耳をつんざくような大きな音がすぐ側で聞こえた。それだけではなく、強烈な熱風で三人は吹き飛ばされそうになった。
「み、皆さん大丈夫ですか?」
「無事だよ。それにしてもびっくりしたァ。リョウマ、何したのさ?」
「いやいや知らないよ。俺だって何がなんだか…」
起き上がって音の鳴った方を見る三人。その源は、どうやら直前に放り投げた木の実のようだった。粉々になり煙を上げている。リョウマは別の実を取り、手の上にそっと置いてみた。
「爆発したのはこれしか考えられないな。一体なんなんだろ」
「そこで何をしている?」
近くで男の声が聞こえた。リョウマが顔を上げると、そこにはこの世界の人間と思しき獣混人がいた。
その男は、顔は普通の人間と変わらなかった。しかし、皮膚の一部が鱗のようになり、緑色をしている。そして、同じく鱗で覆われた尻尾が垂れ下がっていた。リョウマは、ヴァルの言葉をこの時理解できた。確かに、この世界では自分たちがよそ者だと一目瞭然だと。
「もう一度聞く。そこで何をしている? …見たところ、この世界の者ではないようだが?」
男は持っていた杖のようなものを地面に打ち付け、威嚇の姿勢をとった。すかさず、ヴァルは弁明する。

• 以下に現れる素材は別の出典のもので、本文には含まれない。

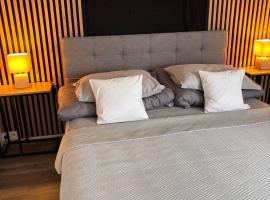 rishko resort - Lake View - free Parking - 24hr Self chceck-in - Serviced Apartment Premium by Hotelstars Union, ξενοδοχείο σε Holčíkovce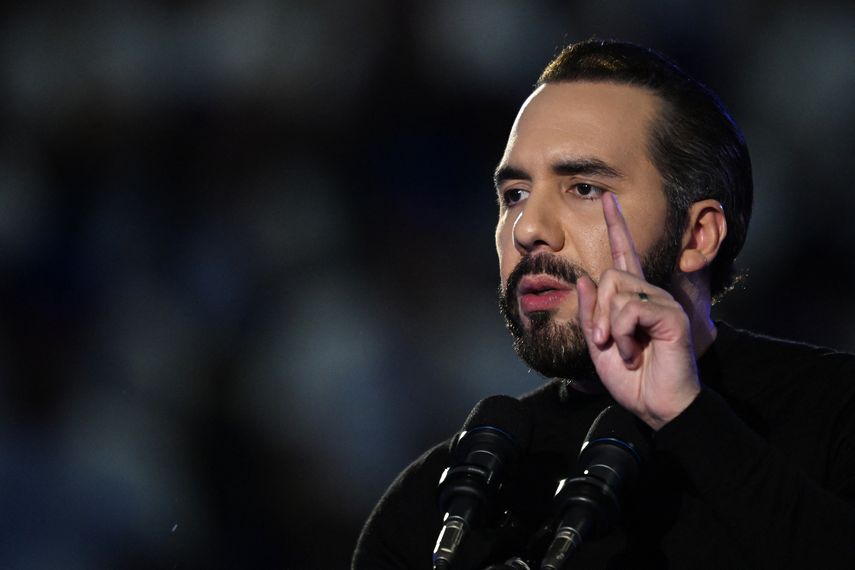 Bukele defiende las nuevas reglas de disciplina escolar en El Salvador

「わ、私たちは決して怪しい者ではありません。ただ、人を探しているだけなのです」
「怪しいか怪しくないかはこちらが判断することだ。そもそも、人を探しているだけなのになぜこんな騒ぎを…」
騒ぎ、というのは先ほどの木の実の爆発だろうか。ミーアは事情を説明すべく、木を指さして答えた。
「あの木の実を取ったら爆発したんだよ。でも悪気があったわけじゃない。知らなかったんだよ。ね、リョウマ」
「あ、あぁ。本当だよ。俺たちがよそ者だって、それはわかるんだろ?」
男は落ちている木の実を見、リョウマたちを見て、少し考えた後に言葉を続けた。
「確かに、お前たちがこの世界の者ではないとはすぐに理解できる。だからこそ、この実のことを知らないのも理解できるな。これはヤクカの実と言って、枝や手などに触れている間は無害なのだが、ひとたび空中に投げ出されると、数秒後に爆発する危険なものなのだ。すまぬな。驚かせてしまったかな」
男は意外にも、自らの行為を素直に詫びた。三人は拍子抜けをした。
「な、なんだ。話わかるじゃん。ちょっとビビったよ~」
「すみません、それでその、人探しのことも含めて、あなた方の族長様に色々とお聞きしたいと思いまして…。ご案内お願いできませんか?」
おずおずと、ヴァルが尋ねる。男は、少し顔をしかめ、聞き返した。
「族長様にか? …しかしそう易々と通せるものではないぞ。それでもよいのか?」
何やらただならぬ気配を感じたリョウマだったが、考える前にヴァルが答えた。
「覚悟の上です。よろしくお願いします」
「よかろう、ではついてきなさい」
言い知れない不安を抱えながら、リョウマもその後に続いた。無意識に、ヤクカの実をポケットに忍ばせて。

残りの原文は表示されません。